尾道地区保護司会(村上俊昭会長)が行った第71回「社会を明るくする運動」作文・標語コンテストで表彰された作文を掲載する。

少年とゆがみ(中学校の部 尾道市入選作品)

久保中学校2年 高垣星那(せいな)さん

父が、読んでいた「ケーキの切れない非行少年たち」という本。私は、ケーキが切れないって、なんだろうと思い、読みだした。読んでみると、すらすら読めた。非行少年の話だとは、思っていなかったのもあるし、読んでみると、そうなんだと思うことも多かったからだ。読んだ感想を簡単にいうと、思っていたのと違った。けど、結果的にいろんなことを考えることができて、よかったと思う。

印象に残ったのは、全てがゆがんでみえる少年の話だ。ある図を少年に、見てうつしてもらう。すると、一つ一つのパーツは、同じなのだが、もとの図より細長くなっていた。世の中のこと全てがゆがんで見えている可能性があるということだ。写すときは、もとの図を見てやるので、上手に写せないということは、見る力がこれだけ弱いということらしい。そして、見る力が弱いと、おそらく聞く力もかなり弱いだろう。だから、大人の言うことが殆ど聞きとれないか、聞きとれてもゆがんで聞こえている可能性があるというのだ。このことが、この少年の非行の原因になっているのではないだろうかと考えられていた。私は、写すのが下手ということではなく、見る力、聞く力が弱いということだとは思っていなかったので、とても驚いた。ゆがんでみえるというのは、何となくわかるのだが、ゆがんで「聞こえている」という表現を聞いたことがないので、どういうことかわからない。けれど、聞いたことを、文にして書いて、ゆがんでみえたのが、きこえるということなのかなって想像した。

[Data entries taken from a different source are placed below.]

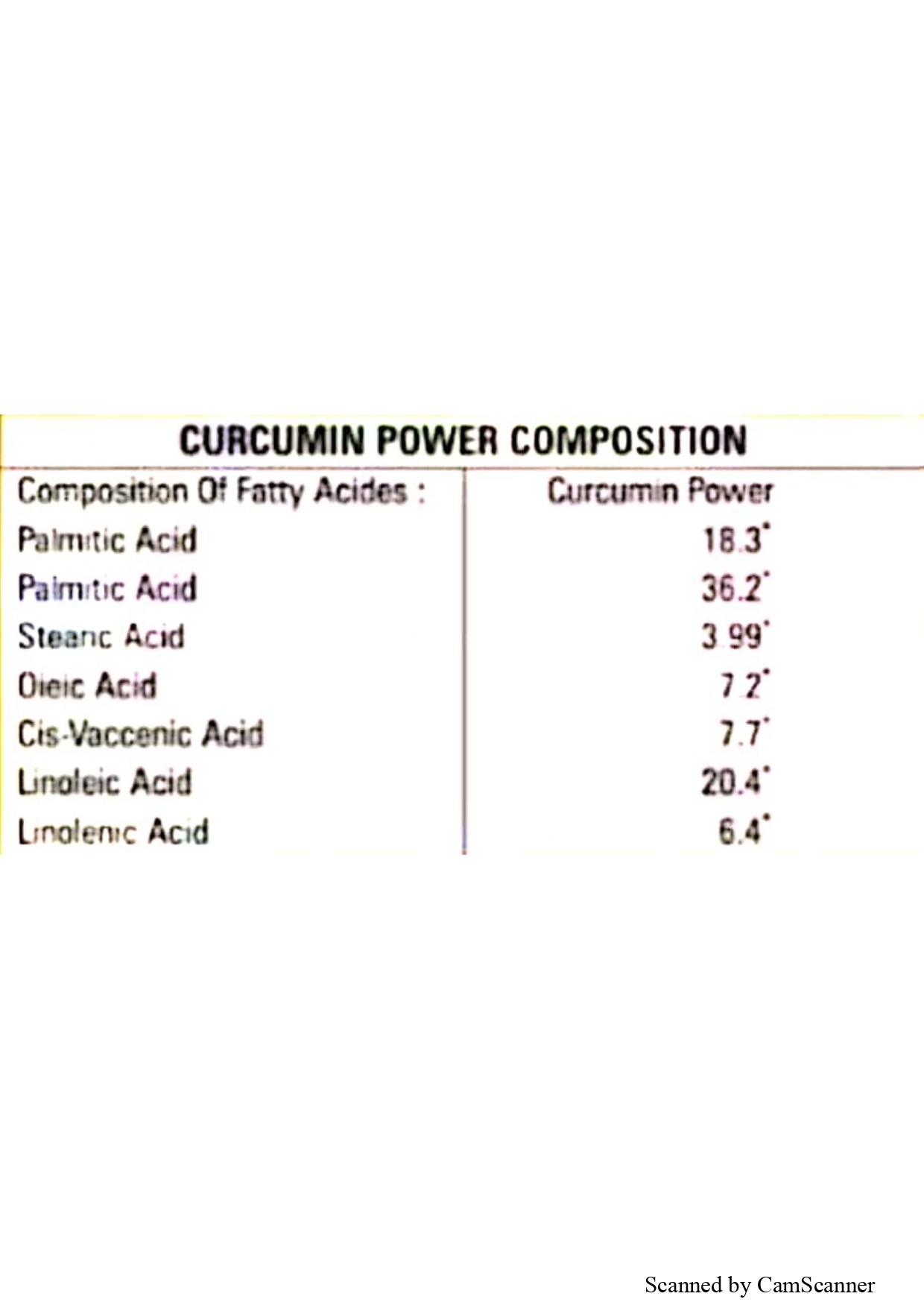 Curcumin Power Turmeric Oil - Powder Format | Stimulates Digestive Enzymes, Improves Feed Color, Reduces Stress, Enhances Weight Gain & Fcr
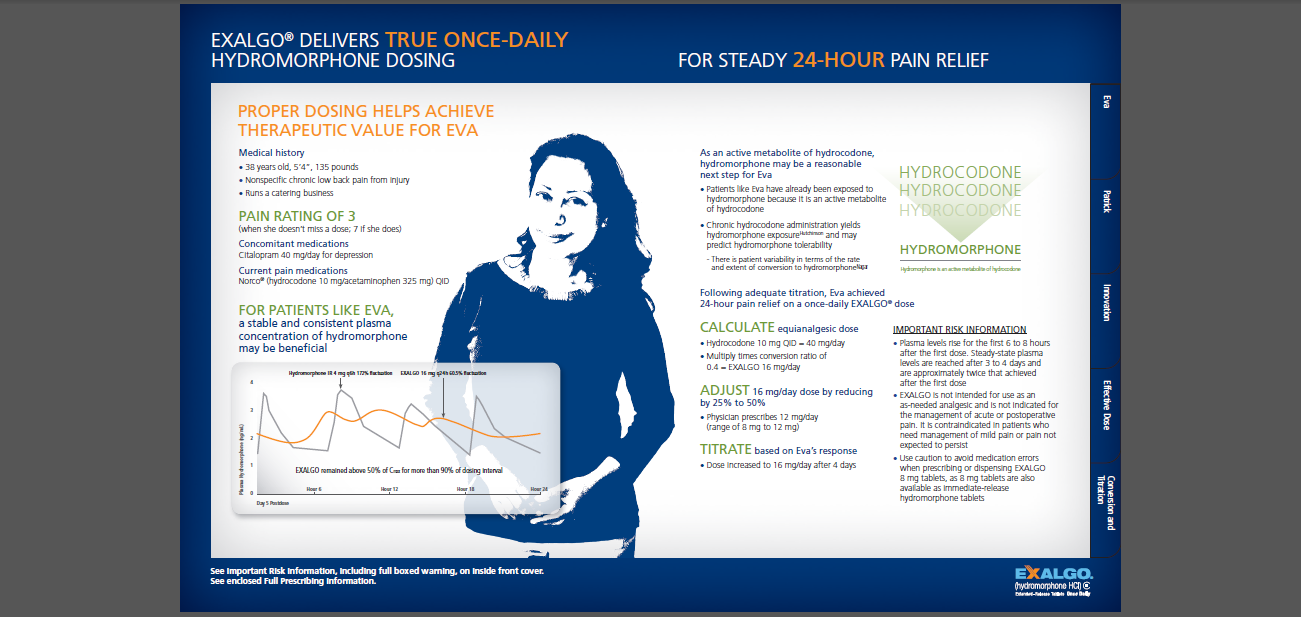 An advertisement for Exalgo a company that delivers true once-daily hydromorphone dosing for steady 24-hour pain relief. The advertisement features a blue background with white text. On the left side of the image there is a photo of a woman with long dark hair and a blue shirt. She is smiling and looking directly at the camera. <br /><br />On the right side there are three bullet points that explain the benefits of the product. The first bullet point reads "Proper Dosing Helps Achieve Therapeutic Value for EVA" and the second bullet point says "Pain Rating of 3". The third bullet point states that the product is suitable for patients like EVA and that it is suitable to help relieve pain.<br /><br />At the bottom of the advertisement there has a line graph that shows the relationship between the product and its benefits. The graph is divided into three sections each with a different color scheme. The colors used in the graph are blue orange and yellow. The text is in a modern sans-serif font and is centered on the page.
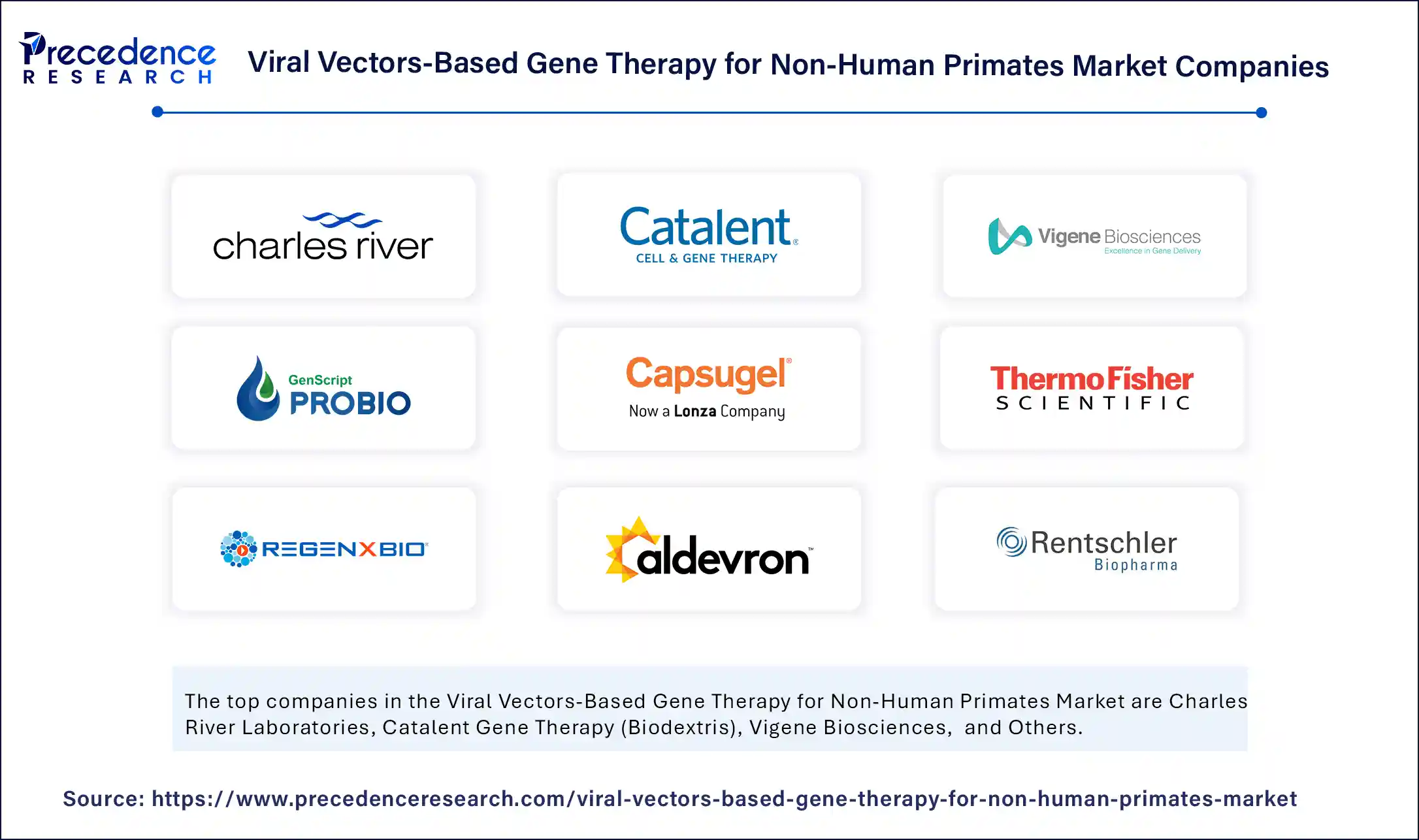 Viral Vectors-Based Gene Therapy for Non-Human Primates Market Companies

このように、ゆがんで見え、ゆがんで聞こえる少年は、これまで社会で生きにくい生活をしてきたのではないだろうか。つまり、これを何とかしないと少年の再非行は、防げないのではないか。この少年が写した図をベテランの教官たちに見せたそうだ。すると、みんな驚き、ある人は、これならいくら説教しても無理だと言った。教官たちがすぐに理解したのは良かったが、どうしてこういった事実に今まで気付かなかったのかが意外だった。気付かずに、厳しい指導をしていると、余計に悪くなってしまう。もしかすると、凶悪犯罪を行った非行少年の中に、かなりの割合でこういった少年がいて、成人の犯罪者も同じような人がいるのではないかと感じた。もちろん、障害のある少年だからといっても犯罪行為は許されることではない。

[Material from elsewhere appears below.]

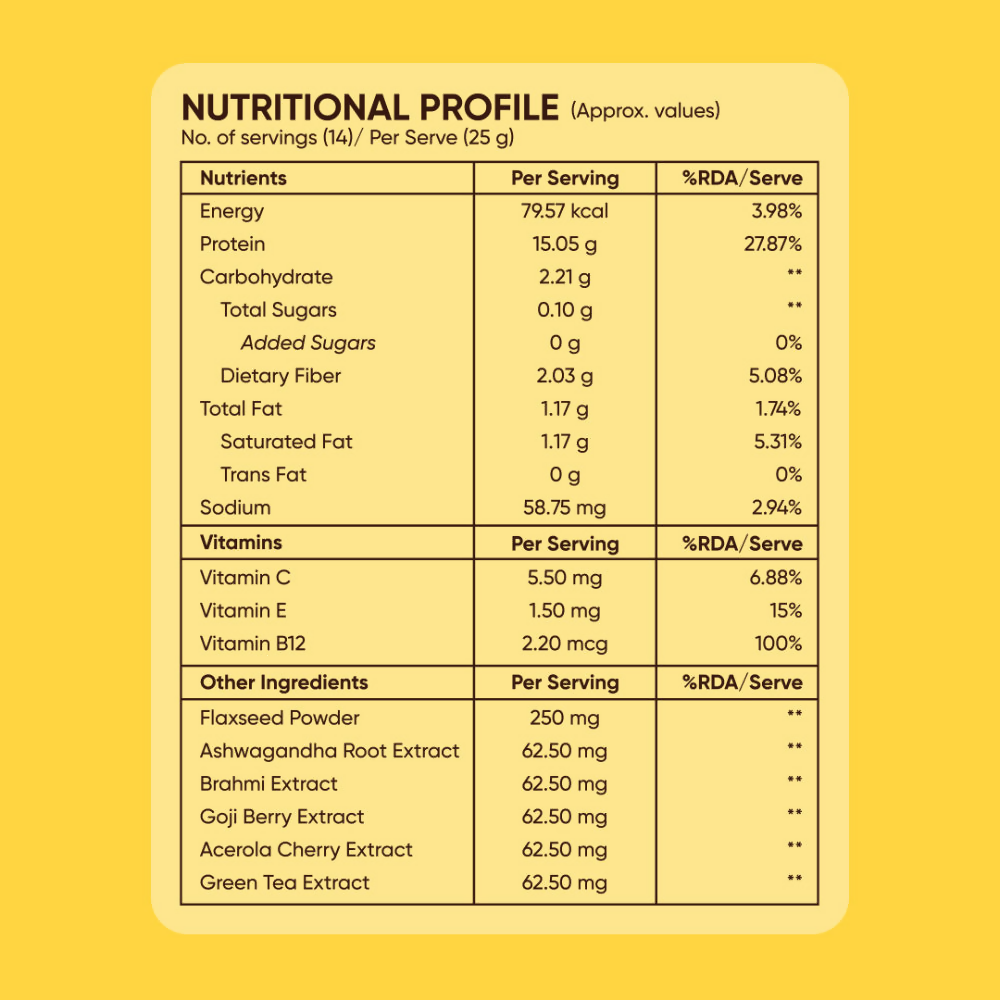 Beautywise Plant Protein Powder - Cafe Mocha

社会でとても生きづらく、罪を犯してしまった少年。実は物事がゆがんで見え、聞こえるという特性を抱える少年。何かが必要なのではないか。その何かとは何だろうか。だれかが、正しいことを教えてあげることだろうか。困っている時、助けてあげることだろうか。答えは、これらを含めた支援だと思う。本来は支援されないといけない障害をもった少年たちが、なぜ罪を犯してしまったのかが問題なのだ。ケーキの切れない少年たちがケーキを切れるように、支援することが、必要とされているのだと感じた。